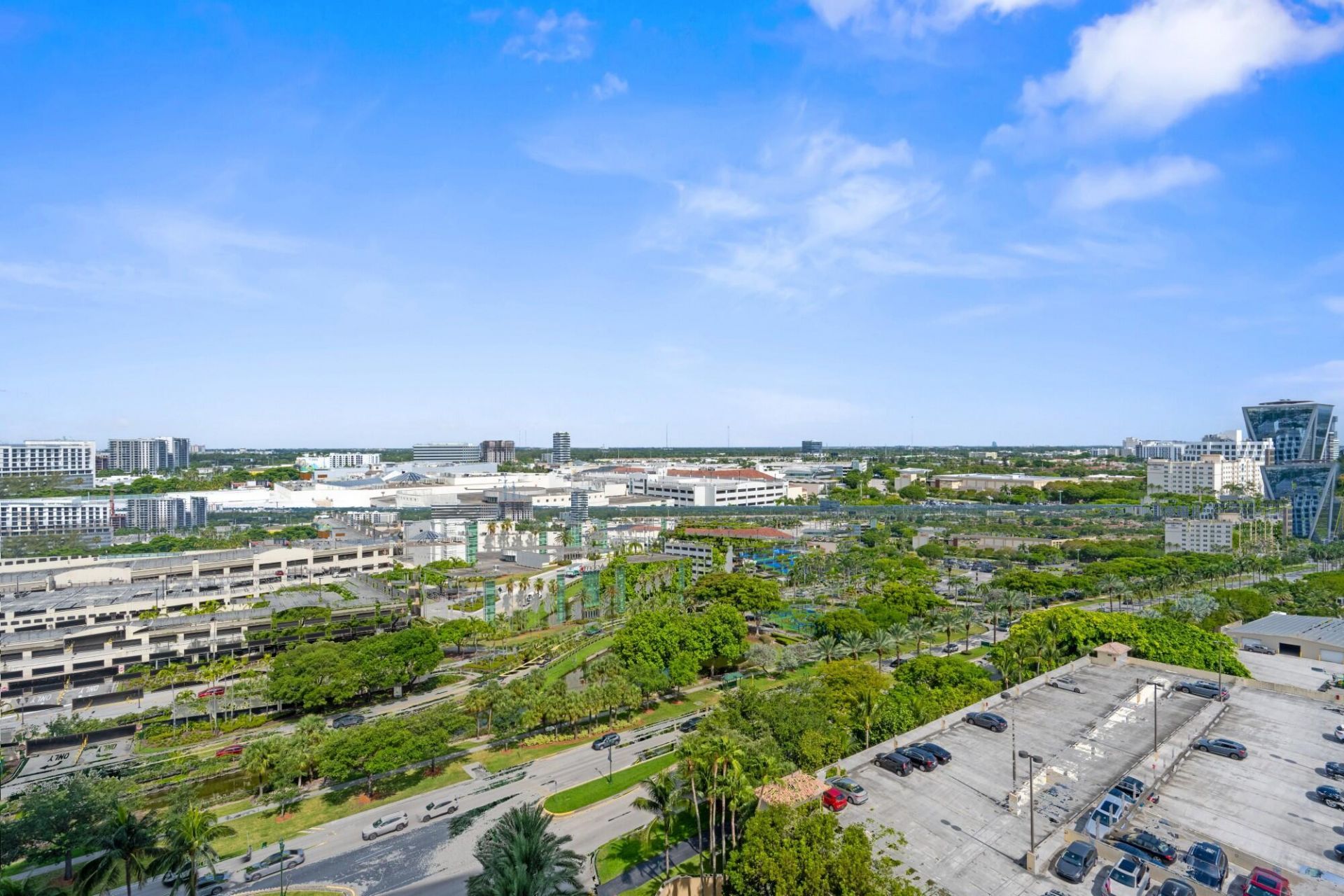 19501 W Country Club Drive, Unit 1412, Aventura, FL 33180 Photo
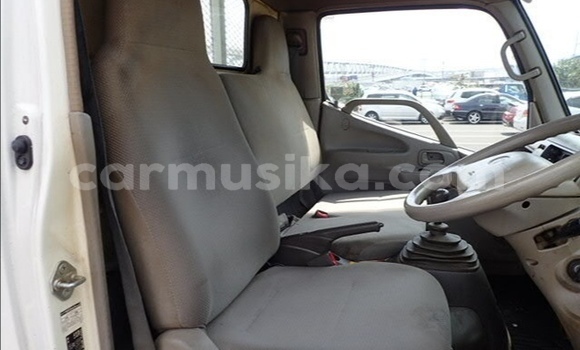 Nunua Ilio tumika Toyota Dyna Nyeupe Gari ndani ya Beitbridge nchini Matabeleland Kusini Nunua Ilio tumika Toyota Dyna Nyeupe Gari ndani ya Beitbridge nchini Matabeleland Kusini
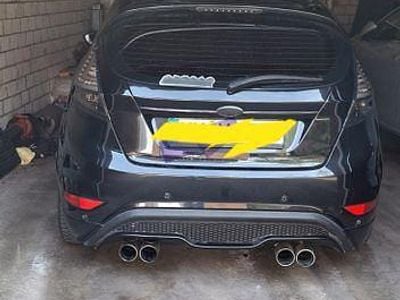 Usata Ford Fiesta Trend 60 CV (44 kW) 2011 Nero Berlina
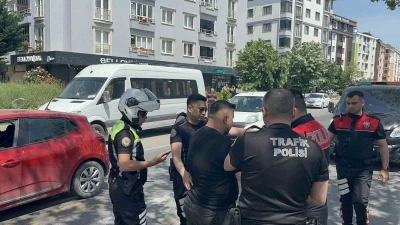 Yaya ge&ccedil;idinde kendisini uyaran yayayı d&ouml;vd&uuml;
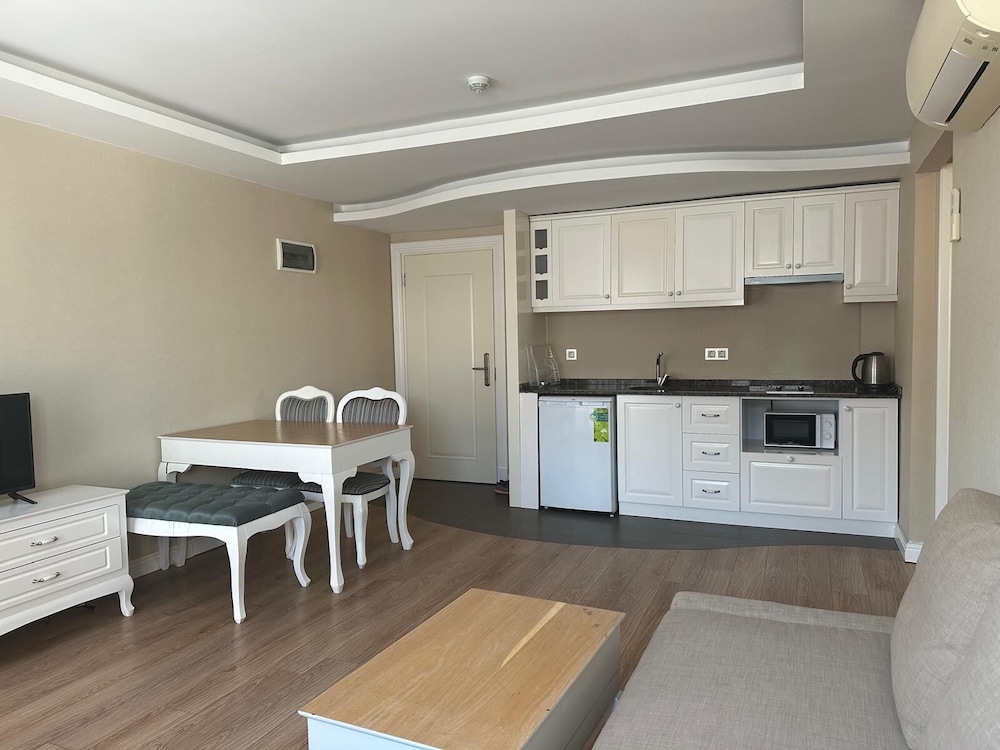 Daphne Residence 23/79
=====
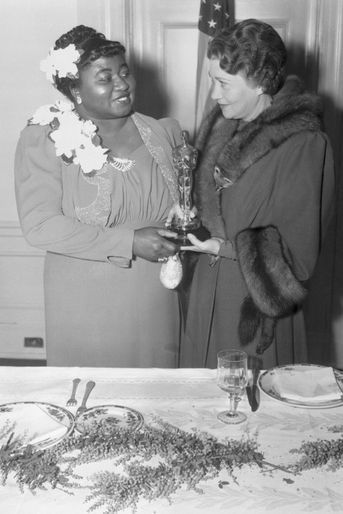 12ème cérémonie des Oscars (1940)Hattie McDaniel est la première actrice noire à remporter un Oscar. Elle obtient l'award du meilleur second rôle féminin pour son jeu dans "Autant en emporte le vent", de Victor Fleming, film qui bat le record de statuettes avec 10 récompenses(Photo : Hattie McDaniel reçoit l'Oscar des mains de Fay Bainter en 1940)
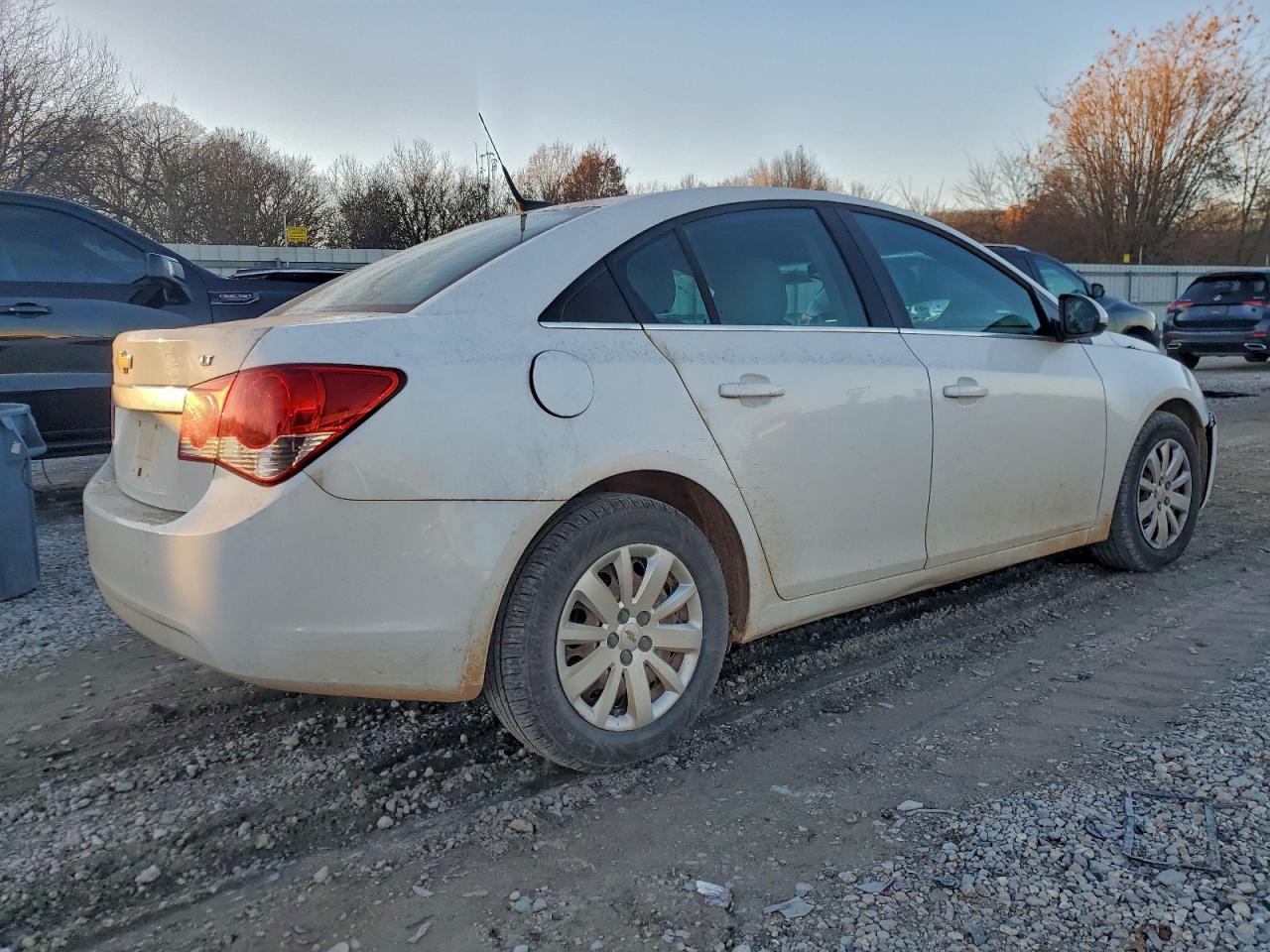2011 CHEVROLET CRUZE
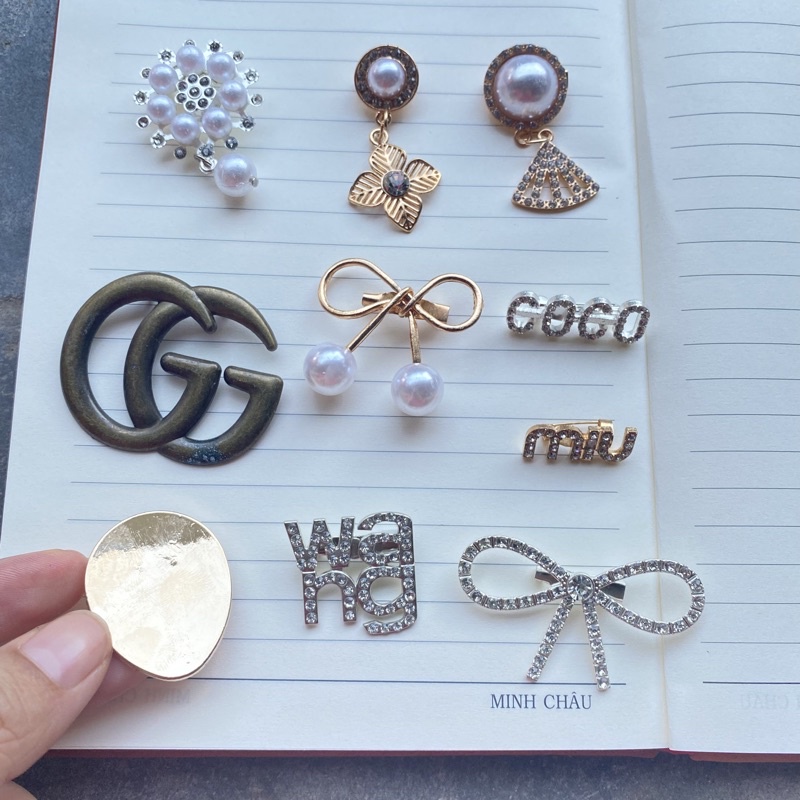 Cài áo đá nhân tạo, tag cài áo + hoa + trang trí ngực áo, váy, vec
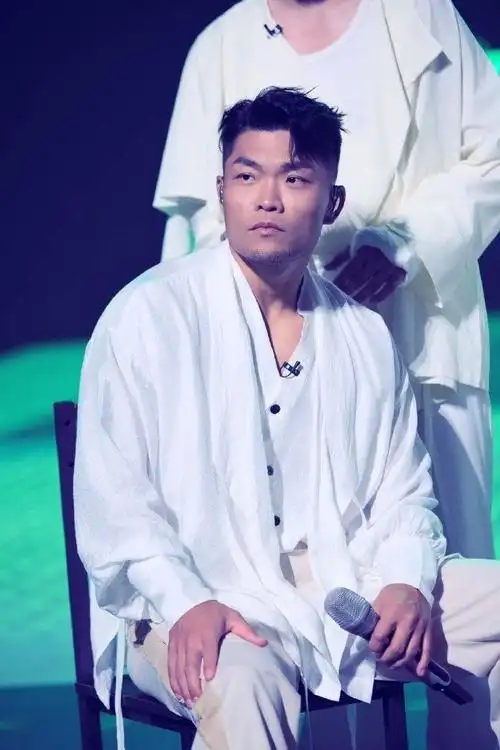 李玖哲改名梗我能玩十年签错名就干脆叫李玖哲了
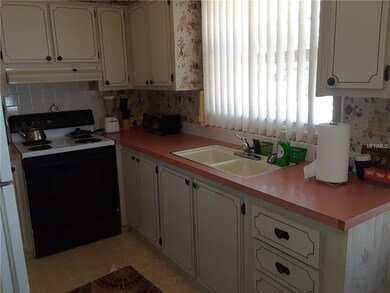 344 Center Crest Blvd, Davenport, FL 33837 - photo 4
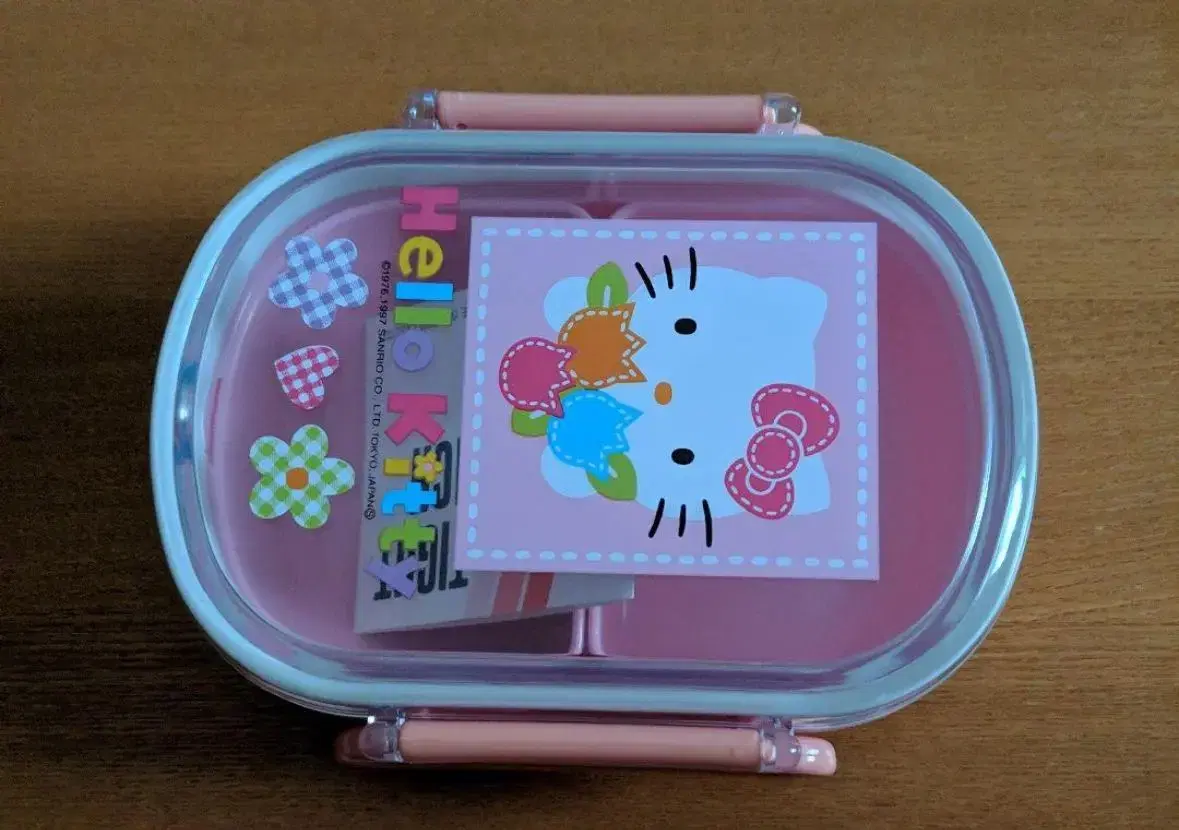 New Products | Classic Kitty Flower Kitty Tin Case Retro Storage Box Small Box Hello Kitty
=====
Requirement: Though the entries above contain pictures, none should be copied; reproduce only the lines between the one holding "Cài áo đá nhân" and the one holding "New Products |", inclusive, exactly as written.

Exercise response:
 Cài áo đá nhân tạo, tag cài áo + hoa + trang trí ngực áo, váy, vec
 李玖哲改名梗我能玩十年签错名就干脆叫李玖哲了
 344 Center Crest Blvd, Davenport, FL 33837 - photo 4
 New Products | Classic Kitty Flower Kitty Tin Case Retro Storage Box Small Box Hello Kitty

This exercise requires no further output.